A total of 1773 participants with asthma data were enrolled in this study, all over 20 years of age, with a prevalence of asthma of 9.13%. Table 1 is a table of weighted demographic baseline characteristics based on asthma. Asthma was used as a stratification variable. The presence or absence of asthma was significantly associated with sNfL, BMI, hypertension, diabetes, PAMs, gender, race, and marital status (p < 0.05). The proportion of sNfL, BMI, hypertension, and smoking was higher in patients with asthma compared with those without asthma, and the prevalence of asthma was higher in women than in men.

Table 1

Table 1. Characteristics of the study population in NHANES by asthma status.

3.2 The associations of sNfL and asthma

To assess the association between sNfL and asthma, we performed multivariate logistic regression analyses, which showed that the correlation between Ln-sNfL and asthma remained significant in both partially adjusted and fully adjusted models. As shown in Table 2, each point increase in Ln-sNfL was associated with a 39% increase in asthma prevalence. To further visualize the correlation between sNfL and asthma, a smoothed curve fitting was performed based on Model 3. Smooth curve fitting showed a positive correlation between sNfL and asthma (Figure 3). After stratified analysis by gender, we found that women were more likely to have asthma than men at the same sNfL level (Figure 4).

Table 2

Table 2. Association between sNfL and asthma.

Figure 3

Figure 3. The association between sNfL and asthma. The solid red line represents the smooth curve fit between variables. Blue bands represent the 95% confidence interval from the fit.

Figure 4

Figure 4. The association between sNfL and asthma stratified by gender.

3.3 Sensitivity analysis

Based on this, subgroup analysis of the relationship between sNfL and asthma (Table 3), age, gender, race, education level, marital status, family income, BMI, alcohol use, smoking, diabetes, hypertension and PAMs did not affect the positive association between sNfL and asthma (p > 0.05) (FDR corrected p > 0.1). In addition, the result showed an E-value of 2.12, meaning that the observed association could only be fully explained away if an unmeasured confounder had an odds ratio (OR) of at least 2.12 with both sNfL and asthma. This suggests that our main conclusions have a certain degree of robustness.

Table 3

Table 3. Subgroup analysis of the effect of sNfL on asthma.

4 Discussion

This study investigated the association between sNfL and asthma in the United States over the age of 20 years. We found that sNfL was positively associated with asthma in both unadjusted and adjusted models, each point increase in Ln-sNfL was associated with a 39% increase in asthma prevalence. Subgroup analyses showed that age, gender, race, education level, marital status, family income, BMI, alcohol use, smoking, diabetes, hypertension and PAMs did not affect the positive association between sNfL and asthma (p > 0.05) (FDR corrected p > 0.1). After stratified analysis by gender, we found that women were more likely to have asthma than men at the same sNfL level.

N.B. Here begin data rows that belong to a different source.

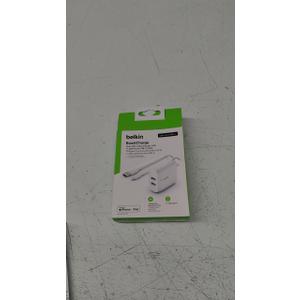 Belkin 24W Dual Port USB Wall Charger - Lightning Cable Included - iPhone Charger Fast Charging -iPhone 14, iPhone 13, iPhone 12, iPhone 11, iPad Pro, Samsung & more, White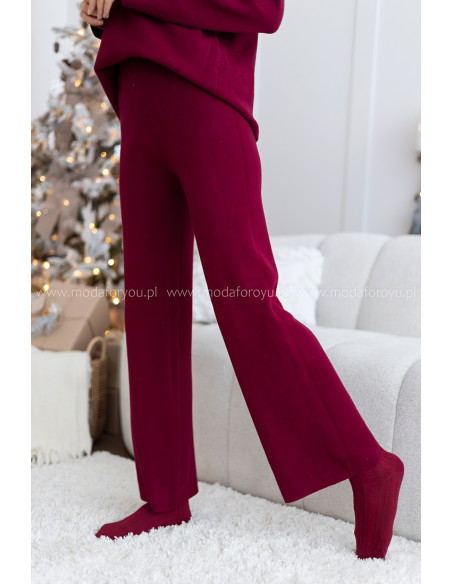 Komplet Cozy Bordowy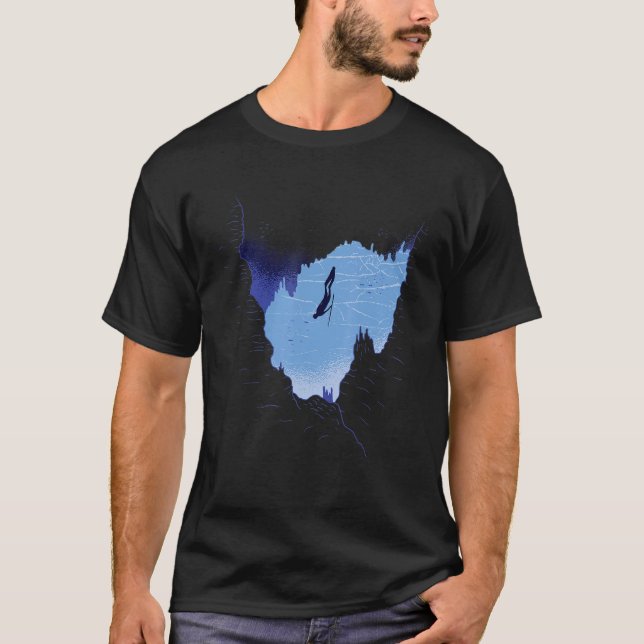 Sötdykning under vatten i havets apné och frigång t shirt (Framsida)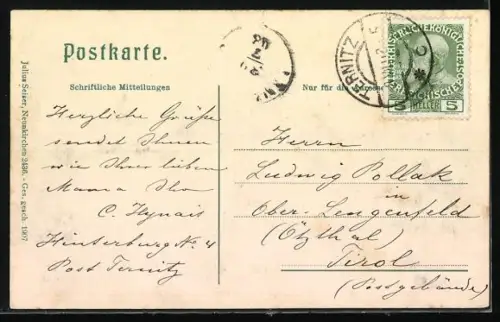 AK Pottschach, Panorama mit Wechsel und Semmering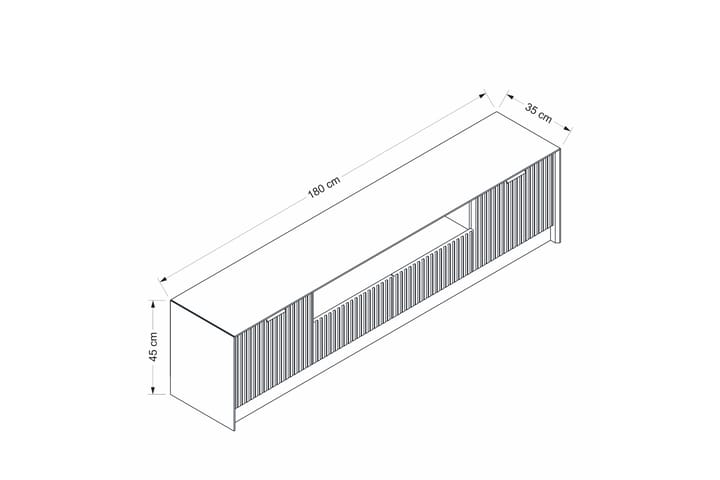 Luxe Tv-taso 180 cm - Hiekkakivi - Huonekalut - TV- & Mediakalusteet - Tv taso & Mediataso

To the best of our knowledge, no previous studies have investigated the association between sNfL and asthma, and similarly, there are no current studies that directly suggest that regulating sNfL levels can affect asthma severity. Many scholars have analyzed in depth the influence of neural mechanisms on asthma, and Verleden has shown that although asthma is nowadays considered to be an inflammatory disease of the airways, neural mechanisms are still very important, and that neuropeptides such as substance P and neurokinin A are present in the human airways and give rise to many of the characteristic asthma traits (32), Vafaee et al. showed that asthma is an inflammatory airway disease influenced by neurological and psychological factors, and that psychotherapy or neurorehabilitation reduces inflammation by modulating the activity of neural circuits and the function of brain centers involved in asthma (33). In addition, neurotrophic factors and neuropeptides are key mediators of neuroimmune interactions, and neuroimmune interactions respond to brain signals secreted from airway nerves, which may be the target of many new therapies for asthma (33). Dixon’s study showed that episodes of bronchospasm in asthmatics are triggered by the activation of neurons in the nasal mucosa, reinforcing the idea that neural mechanisms contribute to asthma exacerbations (34).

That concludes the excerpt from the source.